Aim of the exercise: Write out each entry below exactly. Do not include the images.

━━━━━ Exercise data

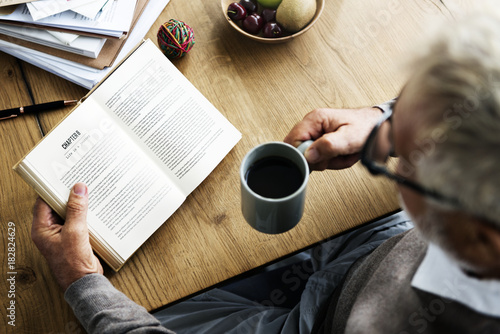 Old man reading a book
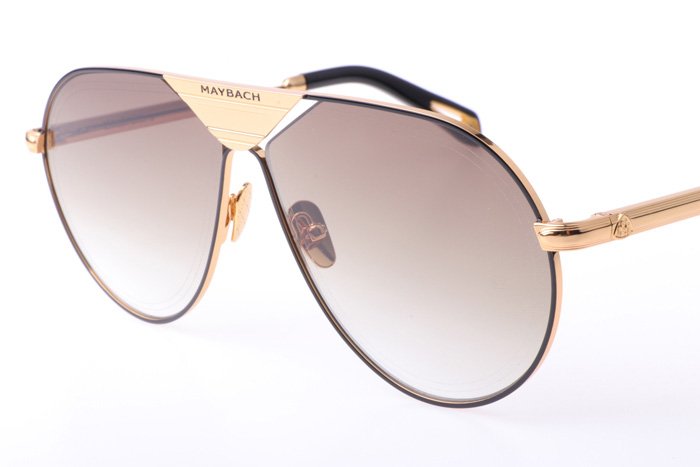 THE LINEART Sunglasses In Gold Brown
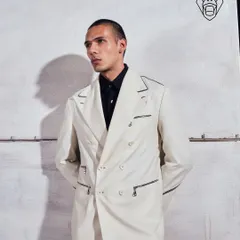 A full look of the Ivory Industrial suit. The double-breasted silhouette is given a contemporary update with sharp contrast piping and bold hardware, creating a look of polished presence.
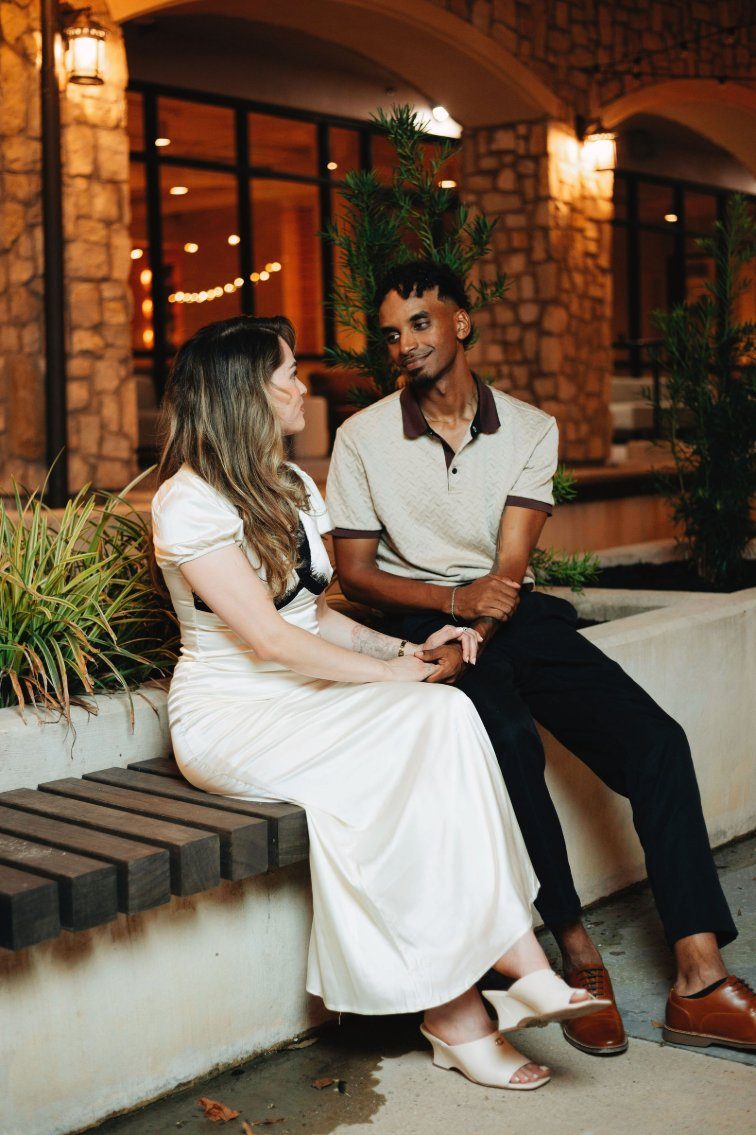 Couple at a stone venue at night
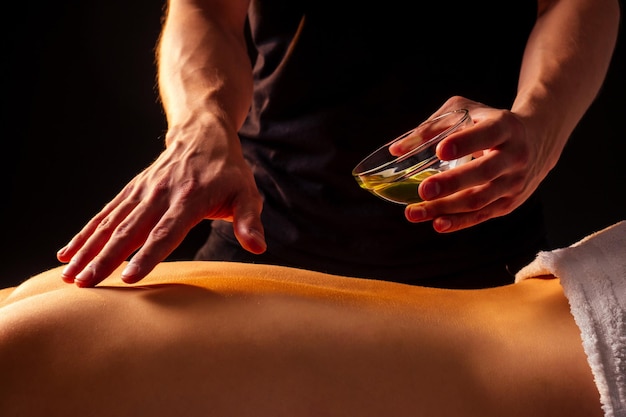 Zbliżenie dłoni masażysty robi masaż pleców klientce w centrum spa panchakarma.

━━━━━━━━━━

Result for this exercise:
 Old man reading a book
 THE LINEART Sunglasses In Gold Brown
 A full look of the Ivory Industrial suit. The double-breasted silhouette is given a contemporary update with sharp contrast piping and bold hardware, creating a look of polished presence.
 Couple at a stone venue at night
 Zbliżenie dłoni masażysty robi masaż pleców klientce w centrum spa panchakarma.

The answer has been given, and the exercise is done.